─── Task input

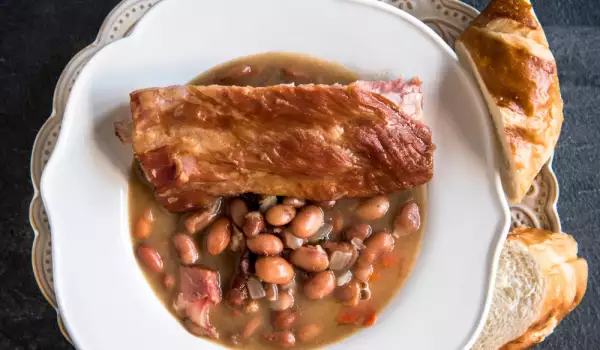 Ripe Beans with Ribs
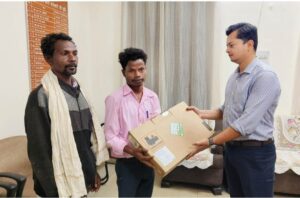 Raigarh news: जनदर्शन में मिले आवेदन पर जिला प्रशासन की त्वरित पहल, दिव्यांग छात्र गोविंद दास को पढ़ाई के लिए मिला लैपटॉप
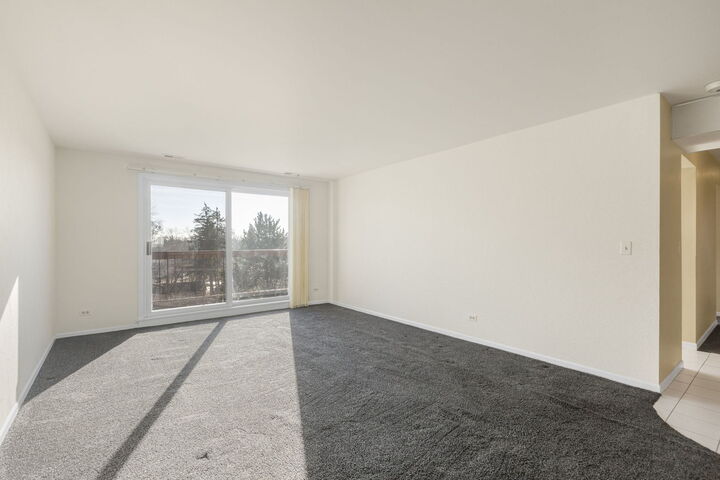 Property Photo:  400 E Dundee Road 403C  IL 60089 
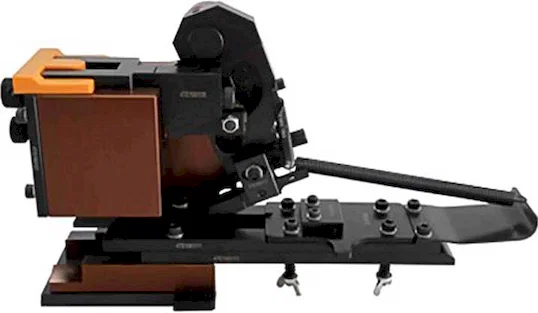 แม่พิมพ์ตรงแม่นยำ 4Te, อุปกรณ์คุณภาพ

──────
─── Task input

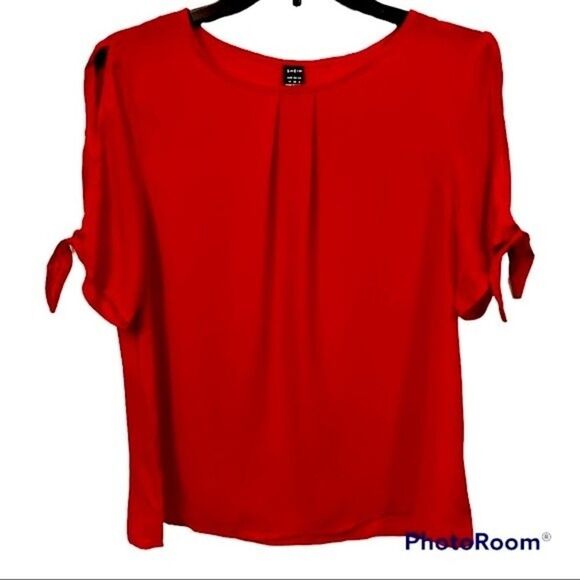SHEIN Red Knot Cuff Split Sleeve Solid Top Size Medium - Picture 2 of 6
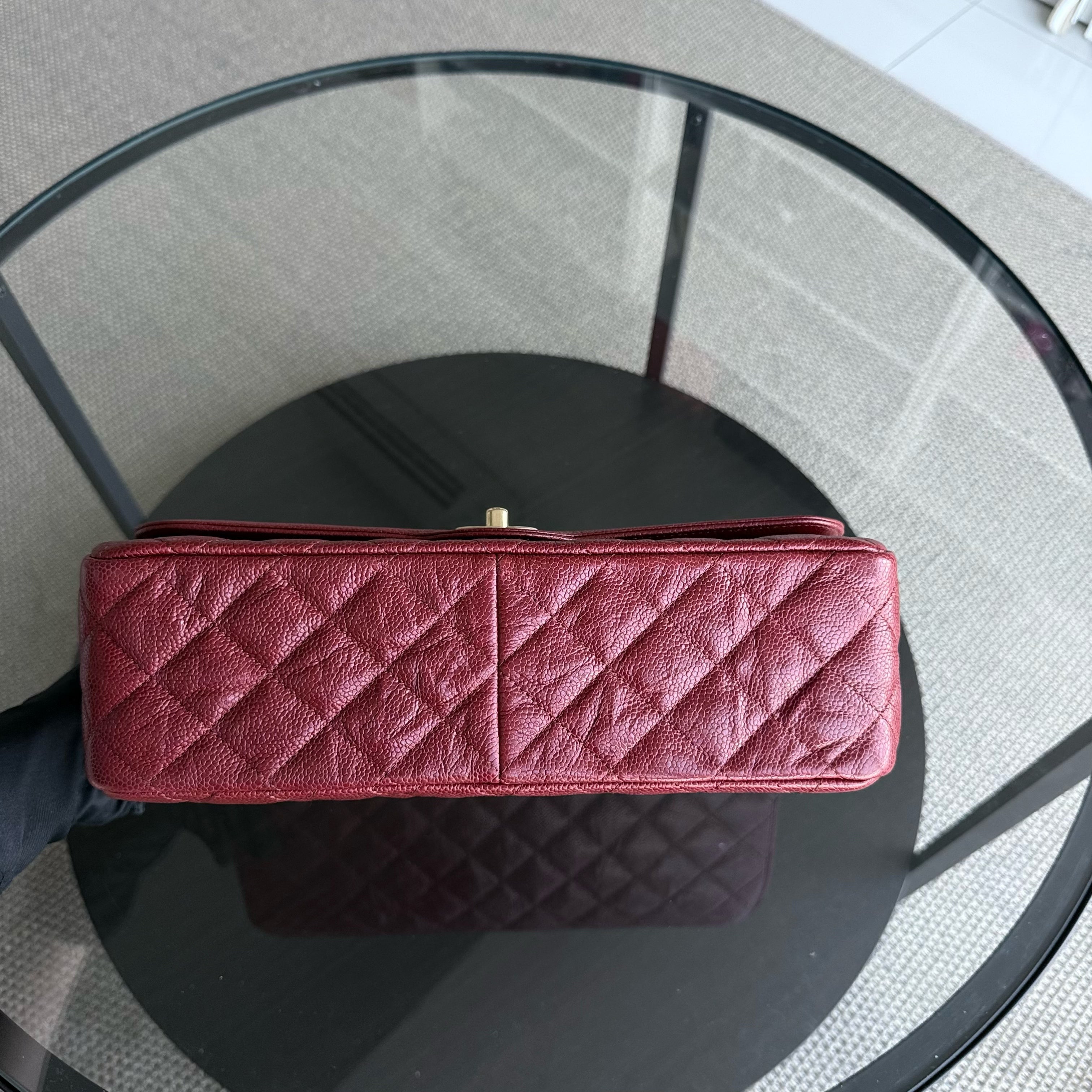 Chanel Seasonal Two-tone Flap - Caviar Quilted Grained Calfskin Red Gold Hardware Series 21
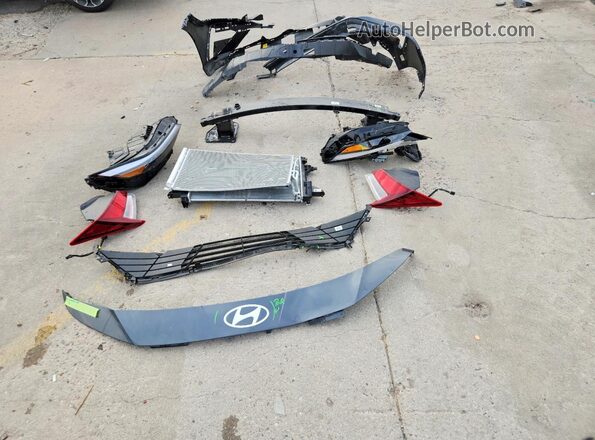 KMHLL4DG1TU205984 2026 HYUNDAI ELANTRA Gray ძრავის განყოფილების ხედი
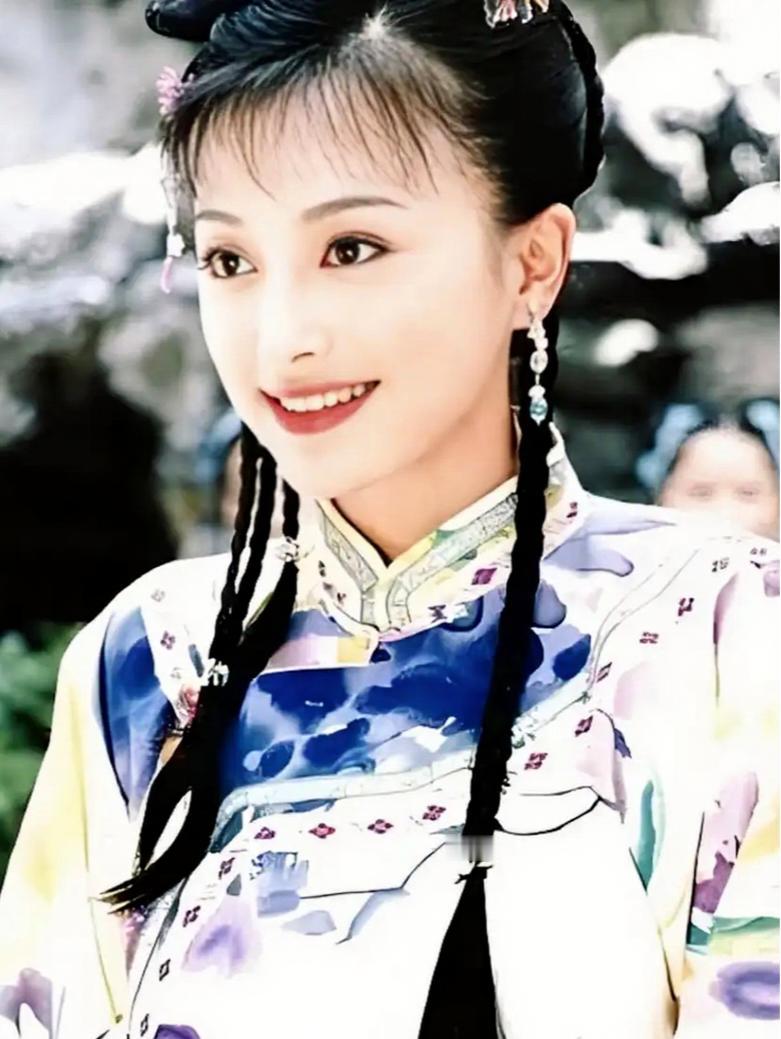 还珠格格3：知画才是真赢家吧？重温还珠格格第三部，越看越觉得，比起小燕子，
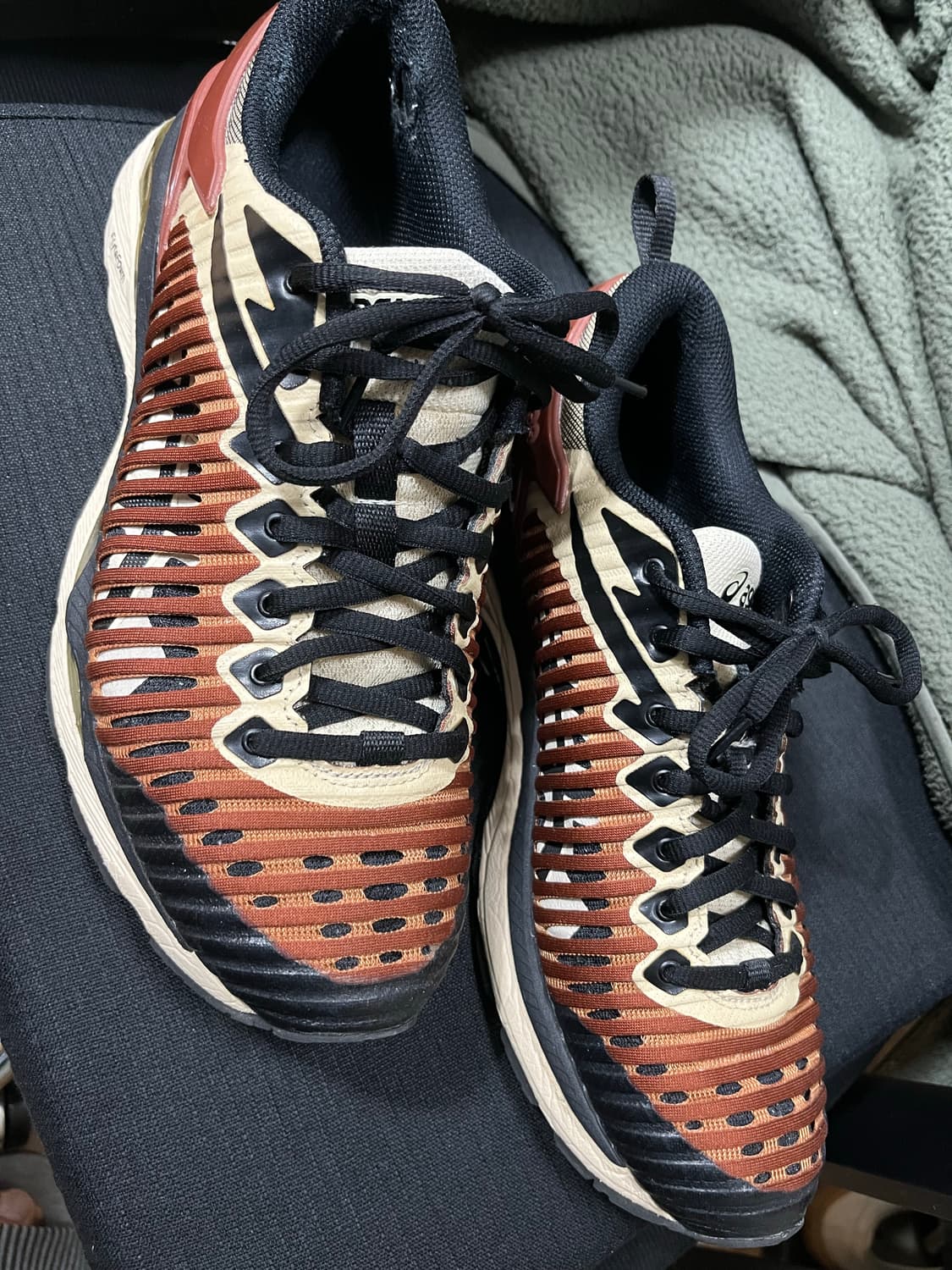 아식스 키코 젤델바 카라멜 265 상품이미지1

──────
─── Task input

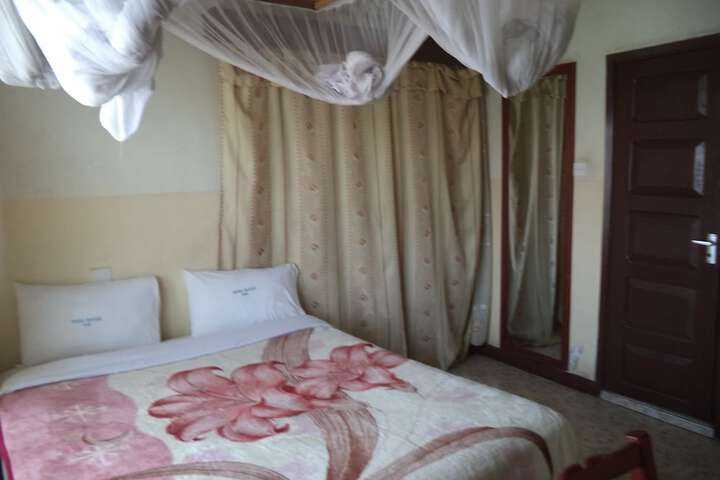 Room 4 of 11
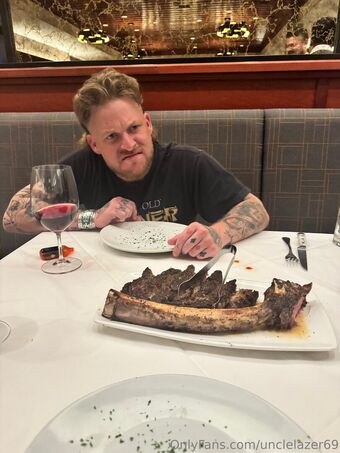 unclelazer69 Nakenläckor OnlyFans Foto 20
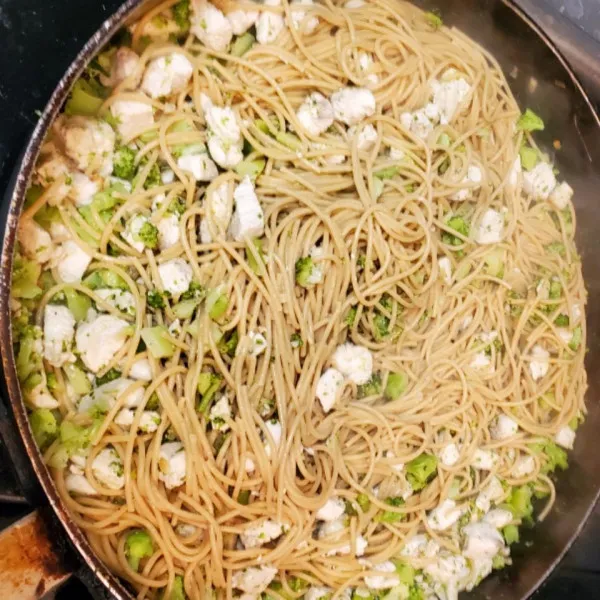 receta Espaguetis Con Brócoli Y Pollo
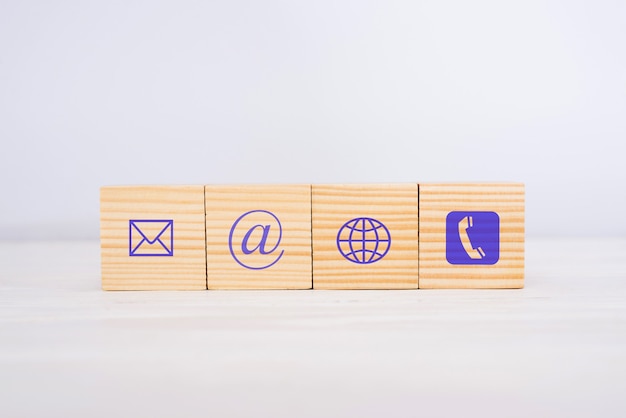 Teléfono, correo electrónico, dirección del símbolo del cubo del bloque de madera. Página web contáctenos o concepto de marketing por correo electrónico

──────

### Work request
Give again the lines of the listing above that run from the one with "还珠格格3：知画才是真赢家吧？重温还珠格格第三部，越看越觉得，比起小燕子，" up to and including the one with "아식스 키코 젤델바 카라멜 265 상품이미지1". Keep them exact and omit the pictures.

### Answer for the task
 还珠格格3：知画才是真赢家吧？重温还珠格格第三部，越看越觉得，比起小燕子，
 아식스 키코 젤델바 카라멜 265 상품이미지1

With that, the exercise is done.